# MATERIAL PROVIDED
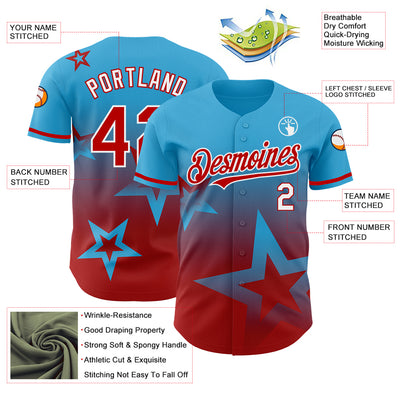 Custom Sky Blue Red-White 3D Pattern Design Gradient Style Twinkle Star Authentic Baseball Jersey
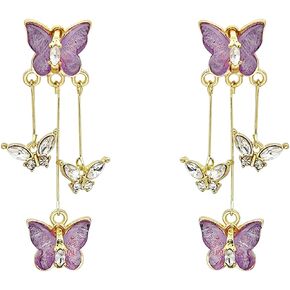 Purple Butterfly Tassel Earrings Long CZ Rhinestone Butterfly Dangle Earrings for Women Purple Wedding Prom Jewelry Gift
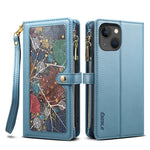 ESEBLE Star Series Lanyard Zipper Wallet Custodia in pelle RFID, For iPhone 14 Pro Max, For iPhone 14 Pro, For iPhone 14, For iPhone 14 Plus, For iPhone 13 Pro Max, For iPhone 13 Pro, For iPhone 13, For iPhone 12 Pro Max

...

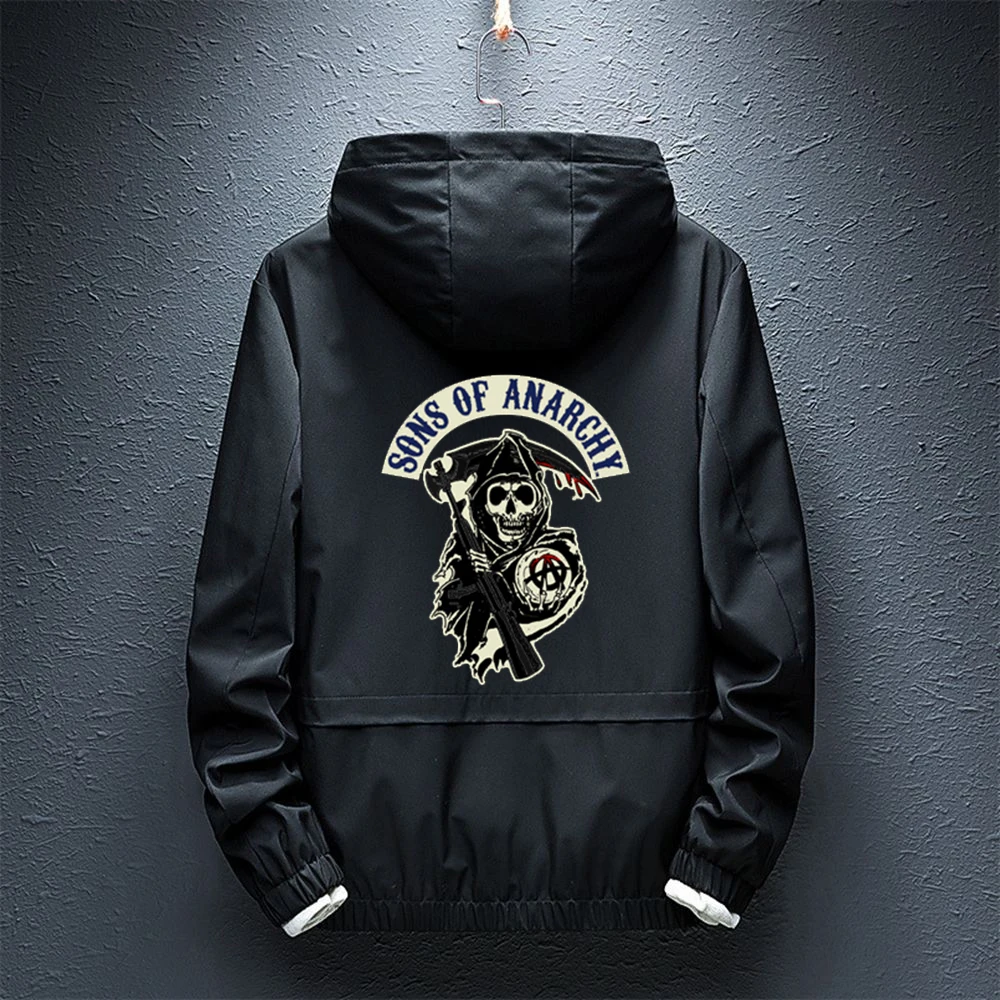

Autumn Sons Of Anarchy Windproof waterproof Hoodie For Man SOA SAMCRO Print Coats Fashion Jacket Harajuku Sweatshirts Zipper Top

# WHAT TO PRODUCE
Above, find the line with "Purple Butterfly Tassel"; copy it and every line down to the line with "ESEBLE Star Series", exactly and both included, but no pictures.

# RESPONSE TO THIS TASK
 Purple Butterfly Tassel Earrings Long CZ Rhinestone Butterfly Dangle Earrings for Women Purple Wedding Prom Jewelry Gift
 ESEBLE Star Series Lanyard Zipper Wallet Custodia in pelle RFID, For iPhone 14 Pro Max, For iPhone 14 Pro, For iPhone 14, For iPhone 14 Plus, For iPhone 13 Pro Max, For iPhone 13 Pro, For iPhone 13, For iPhone 12 Pro Max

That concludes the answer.